April 14, 2022 – Thumos Seminar
Cain Todd (Lancaster)
Are there Aesthetic Emotions?
There has been a recent debate about the existence of a class of purportedly distinctive aesthetic emotions. Interestingly, it has largely been carried out within an interdisciplinary context by empirical researchers and to some extent independently of traditional philosophical disputes concerning the nature and character of what is usually referred to as aesthetic experience. In this talk I examine the dispute, while considering more generally the relation between supposedly paradigmatic aesthetic experiences and (aesthetic) emotions. I will argue that there is no distinctive class of aesthetic emotions, but that both affective and non-affective states can be marked by a distinctively aesthetic ‘character’ or ‘mode’. In addition to articulating this ‘mode’, I will make some remarks about the relationship between empirical and philosophical explanations of the phenomena at issue.
This talk is followed by Lorenzo Cocco's PhilEAs Talk
April 28, 2022 – Thumos Seminar
Edgar Phillips (Paris)
A Stain on one's character: Identity, change and the persistence of guilt
Philosophical discussions of moral responsibility for actions typically focus on articulating the conditions that must obtain at the time of acting for an agent to be, having acted, responsible for what they have done. Less has been said about how responsibility, along with related conditions such as blameworthiness and guilt, persists over time and what if anything might condition, and in particular lessen, our responsibility for our past actions. Recent treatments of the latter issue have claimed that responsibility is sustained over time by psychological continuity, meaning psychological change can render an agent no longer responsible for their past actions (Khoury 2013, Khoury and Matheson 2018, Matheson 2014).

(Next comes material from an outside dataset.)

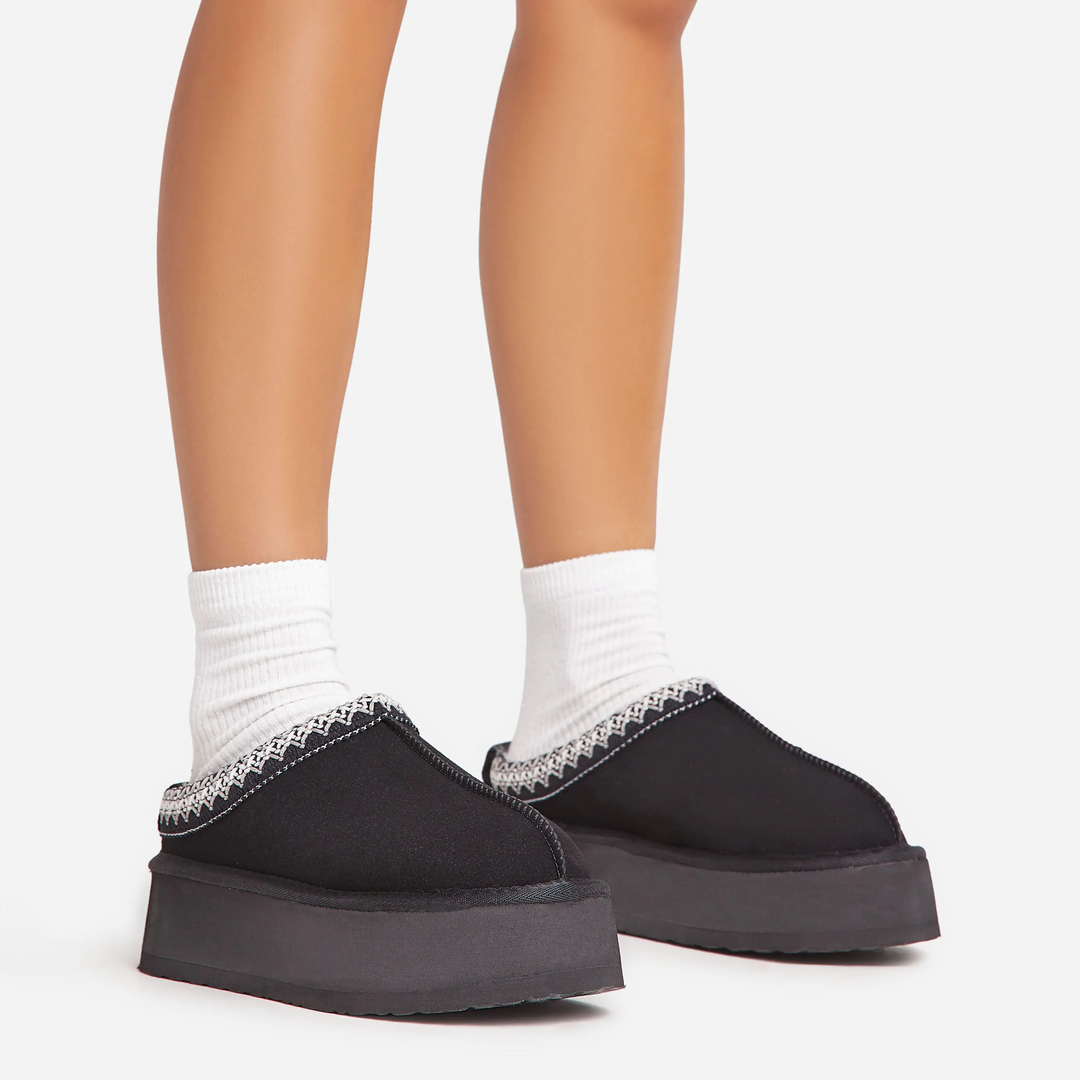 Cozy Crest Platform Mules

I argue that this view rests on a mistaken conception of blame and blameworthiness as concerned with the agent’s moral character (narrowly and individualistically construed) rather than the moral significance of their actions as such. I bring this out through considering the nature of a victim’s anger and of a wrongdoer’s remorse, and the ways in which such anger and remorse seek resolution not merely in a change in the wrongdoer's psychology but in their addressing the wrong through (for instance) repentance, atonement and reparative action.
This talk is followed by Giovanni Merlo's PhilEAs Talk
May 5, 2022 – Thumos Seminar
Hanno Sauer (Utrecht)
Criteria of Moral Progress
Moral progress occurs when things change for the better, morally speaking. The topic of moral progress has recently experienced a resurgence of interest in several disciplines. However, making judgments of moral progress raises a number of epistemic questions which thus far have not been systematically addressed in the literature. We dub these criterial problems, and argue that addressing them is important if we want to avoid errors in making judgments about moral progress. In this paper we address four important criterial problems for making moral progress judgments. First, questions of what the unit of analysis is for moral progress judgments: what is undergoing morally progressive change? Second, questions of timescale: over what period of time is moral progress occurring, and is this relevant for justifying claims of moral progress? Third, what moral criteria are being used to make moral progress judgments and how are these criteria justified? Fourth, how should we make progress judgments when there has been morally progressive change from the point of view of one moral standard but morally regressive change from the point of view of another? We analyze each of these epistemic problems for making moral progress judgments, assess whether they lead to skepticism about such judgments, and suggest possible solutions to each problem.
May 12, 2022 – Thumos Seminar
Maria Silvia Vaccarezza (Genoa, in collaboration with Ariele Niccoli)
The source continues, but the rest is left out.